This week husbands, sons and daughters will elbow their way
to the greeting card displays in search of the perfect card to celebrate
Mothers Day. Florists will put on extra
staff to handle the demand. Restaurants brace for business.
Countries around the world set aside a special day for
mothers. It is celebrated on the second Sunday in May in the U.S. Canada, New
Zealand, Australia, India, Brazil, Germany, Ethiopia and the Philippines. Woodrow
Wilson proclaimed Mothers Day an official holiday starting on May 8, 1914. Still
other nations honor mothers on different dates.
Regardless of our nationality, ethnicity or gender, we were
each carried in our mother’s womb, given birth through her labor and, in almost
all cases, nursed and nourished to life by her care.

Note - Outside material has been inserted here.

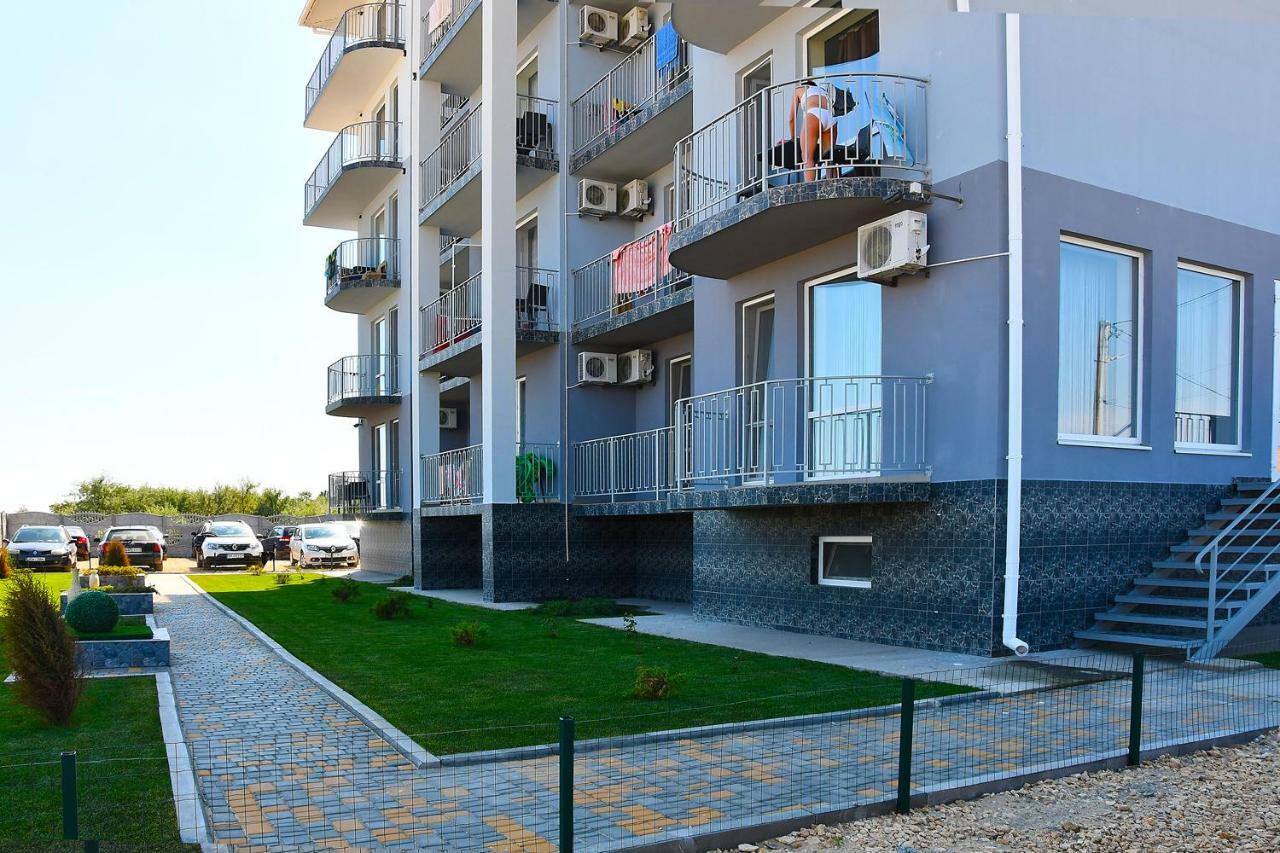 Hotel Golden Beach Zatoka Exterior foto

No office and no position wields greater power and influence
over the future of humanity than the influence of a mother. The memories and lessons given in infancy at
a mother’s hand surpass every other classroom and instruction. The faith of a mother inspires and instructs
more effectively than any pulpit or pen.
We see it in history, and we see it in the Bible.
In a log cabin in Kentucky, Nancy Hanks Lincoln recognized
the early gifts in her child. She not
only taught him to read, but instructed him in the principles that would shape
his life. Without Nancy, and Sarah, who
became Lincoln’s step mother after Nancy died, it is unlikely that Abraham
Lincoln would have ever surfaced to lead our nation in its greatest hour of
crisis.
If it were not for Moses’ mother, the world would have never
known the great law-giver who led Israel from captivity and gave us the Ten
Commandments. It was she who hid him in
the reeds at the river to save his infant life and it was she who cared for him
in Pharaoh’s court.
How many mothers have petitioned God for the birth of a
child, as Hannah prayed in the presence of Eli, the prophet? Without her prayer, Samuel would not have
been born, and would not have been present to anoint David, the king of Israel.

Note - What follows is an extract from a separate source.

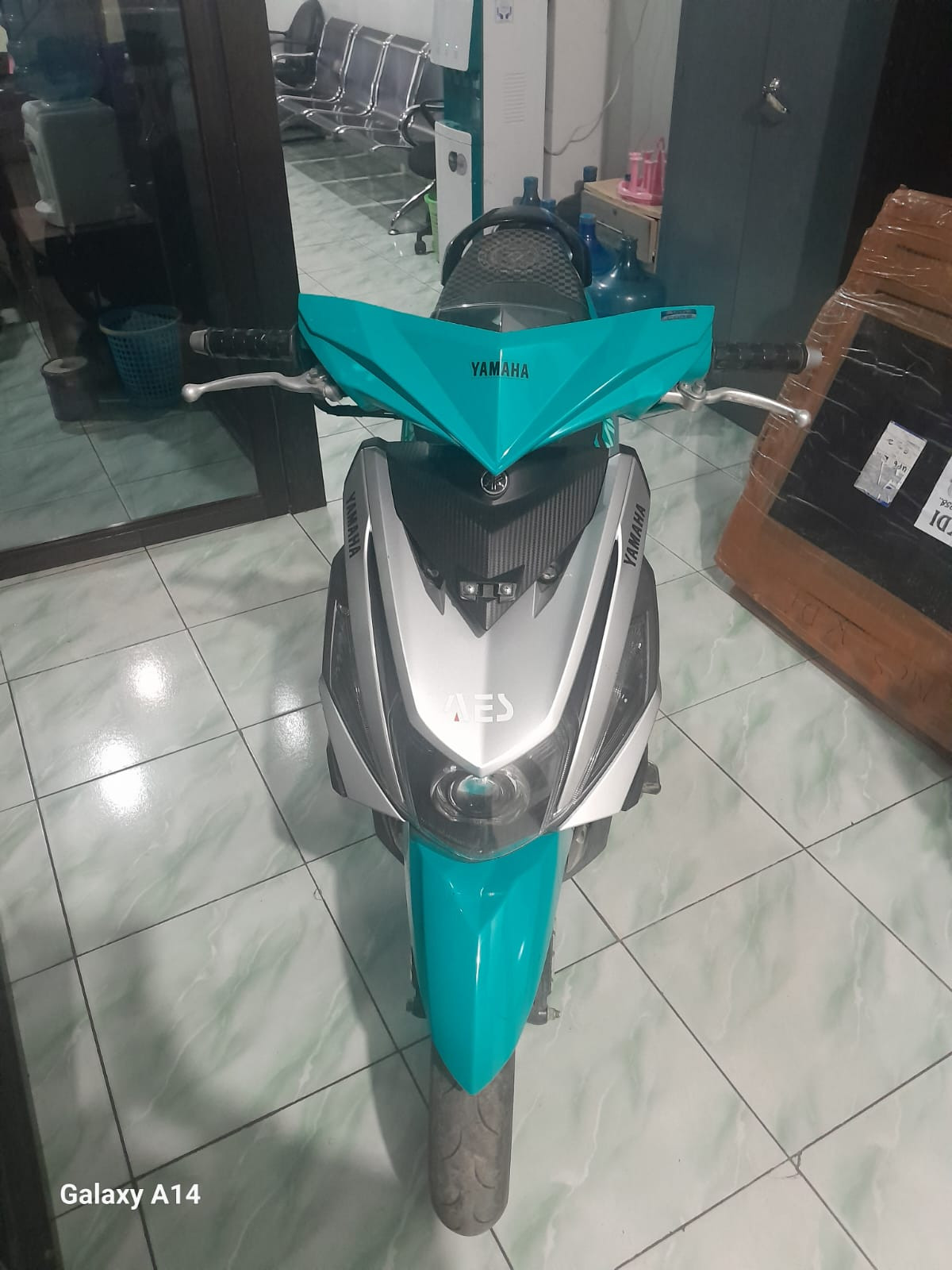 YAMAHA MIO M3 125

In the fullness of time, in an obscure Galilean village, another young woman lifted up her eyes to heaven and sang, “My soul exalts the Lord, and my spirit has rejoiced in God my
Savior. For He has had regard for the humble state of His handmaiden; for
behold, from this time on all generations will count me blessed. For He that is
mighty has done to me great things, and holy is His name.” (Luke 1:46-49). Without Mary we would never have known Jesus,
and the world would remain lost in its sins without a Savior.

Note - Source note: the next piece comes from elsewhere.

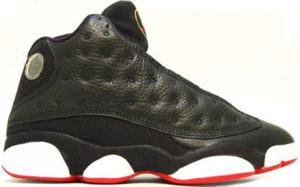 Jordan  13 OG Playoffs (1997) Black/True Red-Black (136002-061)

Paul referred to the importance of a
mother’s faith when he wrote to his young protégé, Timothy: “For I am
mindful of the sincere faith within you, which first dwelt in your grandmother Lois and your mother Eunice, and I am
sure that it is in you as well.”
(2 Timothy 1:5).
This Mother’s Day we honor all our mothers
who have shaped us and made a better world.
It also stands as a challenge to all those young women who give birth to
the next generation and shape the future of the world to come.